Allison Bishins was prepared for a large number, but the one she received still caught her off guard.
Bishins’ daughter, a third grader, attends Jefferson Elementary in Tacoma. With the school year winding down, Bishins and her husband, Spencer, wanted to know how much lunch debt had been accrued by students at the school throughout the year. They thought they might be able to help.
Working with the Tacoma school district, the Bishins family soon learned that, at Jefferson, which in 2017 had just under 300 students, more than $2,000 — and counting — was owed at the school.
Districtwide, the school-lunch debt exceeded $160,000.
“The debt is enormous,” a slightly flabbergasted Bishins told The News Tribune. “It seems like an unnecessary burden, especially for low-income households in our district.”
It certainly does.
While the issue of school lunch debt has increasingly made headlines across the country — whether it’s a yogurt company paying off school debt in Idaho, or a 9-year-old in California saving his allowance to pay off his third-grade class’s debt — we shouldn’t allow ourselves to become numb or complacent to the underlying societal failure this debt represents.
In Tacoma, school lunch debt follows students and families from school year to school year, and while the district “prefers not to” send families to collection, according to Tacoma Public Schools Strategic Planning and Policy Manager Alicia Lawver, it does have the right to.
Thankfully, even with such a large amount of school lunch debt at their daughter’s school, the Bishins were not deterred. On Wednesday, the family launched a GoFundMe effort, aiming to raise enough money to erase Jefferson’s school lunch debt. As of this writing, the effort had raised more than $1,900, coming from “a lot of places,” including individual donors and businesses, Bishins said.
In other words, it’s well on its way.
That’s nice, but it doesn’t make the necessity of such efforts right.
According to Bishins, she hopes the GoFundMe drive succeeds in covering the school lunch debt at Jefferson and plans to use any additional funds to help cover the districtwide total.
Equally important, Bishins hopes the effort will help to “drastically change the conversation for next year,” she says, both in the way the community responds to the problem and the larger issues it helps highlight.
For starters, Bishins says she would like to see more done to promote the free and reduced lunch program, since a staggering amount of the district’s current school lunch debt is held by families who qualify. Bishins notes that the application is available online and at local schools and that everyone can play a role in helping families get signed up.
There’s little question that such an outreach effort — not just by the district, but by others in the community who serve Tacoma’s children — could go a long way.
Districtwide, according to Lawver, roughly $50,000 of Tacoma’s school lunch debt is currently held by families eligible for free and reduced lunch.
While such a total might be hard to fathom, Lawver says such debt is often accrued before a family turns in the necessary paperwork for the program, of after a qualifying family fails to reapply.

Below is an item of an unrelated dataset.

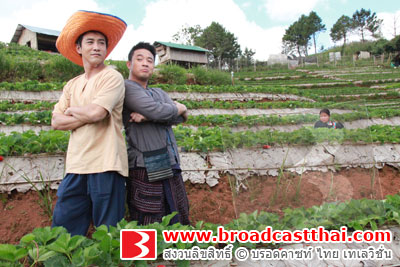 นักแสดง "มัจจุราชสีน้ำผึ้ง" ลั้ลลา ขึ้นดอยอ่างขางเก็บสตอเบอรี่สด ๆ จากต้น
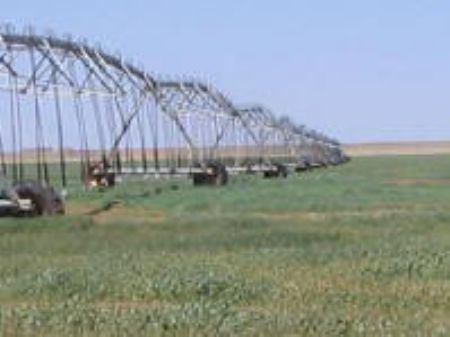 Irrigated Crop Land : Dalhart : Dallam County : Texas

Lawver said the district is “currently working on creating processes and strategies to better address this issue, especially this category of debt associated with families who qualify for free or reduced price meals.”
Ironically, according to Lawver, one thing that’s actually increased school lunch debt in Tacoma this year is a 2018 law intended to prevent “lunch shaming,” or the practice of districts providing potentially stigmatizing “emergency meals” to students unable to pay for a regular lunch.
In accordance with the law, Lawver said, this year Tacoma Schools has discontinued the use of emergency meals and allowed students to charge school lunches on their accounts indefinitely, unless “parents specifically request they not be allowed to.” Previously, students weren’t allowed to charge school lunches once their accounts were $10 in debt, Lawver said.
Lawver said the district realizes this is an imperfect system, and — like school districts across the state — is working to address it.
“Next year there will be different strategies in place based on state clarifications and advice, and what we and other districts have learned and tried this past year,” Lawver said. “We, and districts throughout the state, are working out the details regarding what exactly our next steps look like.”
Then there’s the larger picture, which Bishins is equally eager to shine a light on.
Simply feeding all of Tacoma’s schoolchildren, regardless of their ability to pay — and without sending families into needless debt — is an idea well worth considering, she says. Bishins believes it would improve educational outcomes and reduce the stigmatization of low-income families.
“It makes me sad, but I feel like this is an opportunity,” Bishins said of the conversation she’s hoping her family’s GoFundMe will inspire.
“I just feel like no family should have to go into the summer knowing that this debt is going to follow them into the next school year.”
She’s right. GoFundMe campaigns are great, but we can do better.